_Records:_
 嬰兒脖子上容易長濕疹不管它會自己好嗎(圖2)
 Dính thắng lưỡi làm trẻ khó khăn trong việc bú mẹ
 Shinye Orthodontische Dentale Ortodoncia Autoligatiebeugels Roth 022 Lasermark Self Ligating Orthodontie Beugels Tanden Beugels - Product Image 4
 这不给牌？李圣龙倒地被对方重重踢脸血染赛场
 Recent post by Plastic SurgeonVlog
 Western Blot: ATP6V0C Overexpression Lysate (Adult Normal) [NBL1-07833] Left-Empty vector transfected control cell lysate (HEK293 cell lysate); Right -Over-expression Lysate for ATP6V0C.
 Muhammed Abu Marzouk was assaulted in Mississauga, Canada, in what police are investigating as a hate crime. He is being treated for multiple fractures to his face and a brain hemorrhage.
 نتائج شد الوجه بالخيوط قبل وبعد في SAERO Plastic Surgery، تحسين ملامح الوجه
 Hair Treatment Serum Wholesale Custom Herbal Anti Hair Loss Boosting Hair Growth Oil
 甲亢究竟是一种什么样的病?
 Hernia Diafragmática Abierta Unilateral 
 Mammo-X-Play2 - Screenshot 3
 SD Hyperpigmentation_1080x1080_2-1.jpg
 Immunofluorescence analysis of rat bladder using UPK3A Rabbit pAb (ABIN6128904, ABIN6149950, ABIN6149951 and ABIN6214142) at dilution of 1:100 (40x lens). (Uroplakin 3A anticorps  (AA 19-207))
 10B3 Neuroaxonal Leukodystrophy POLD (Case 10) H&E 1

_The task:_ Each line above from the one with "Western Blot: ATP6V0C" up to and including the one with "SD Hyperpigmentation_1080x1080_2-1.jpg" must be set down exactly, and no line outside that span may appear.

_Response to the exercise:_
 Western Blot: ATP6V0C Overexpression Lysate (Adult Normal) [NBL1-07833] Left-Empty vector transfected control cell lysate (HEK293 cell lysate); Right -Over-expression Lysate for ATP6V0C.
 Muhammed Abu Marzouk was assaulted in Mississauga, Canada, in what police are investigating as a hate crime. He is being treated for multiple fractures to his face and a brain hemorrhage.
 نتائج شد الوجه بالخيوط قبل وبعد في SAERO Plastic Surgery، تحسين ملامح الوجه
 Hair Treatment Serum Wholesale Custom Herbal Anti Hair Loss Boosting Hair Growth Oil
 甲亢究竟是一种什么样的病?
 Hernia Diafragmática Abierta Unilateral 
 Mammo-X-Play2 - Screenshot 3
 SD Hyperpigmentation_1080x1080_2-1.jpg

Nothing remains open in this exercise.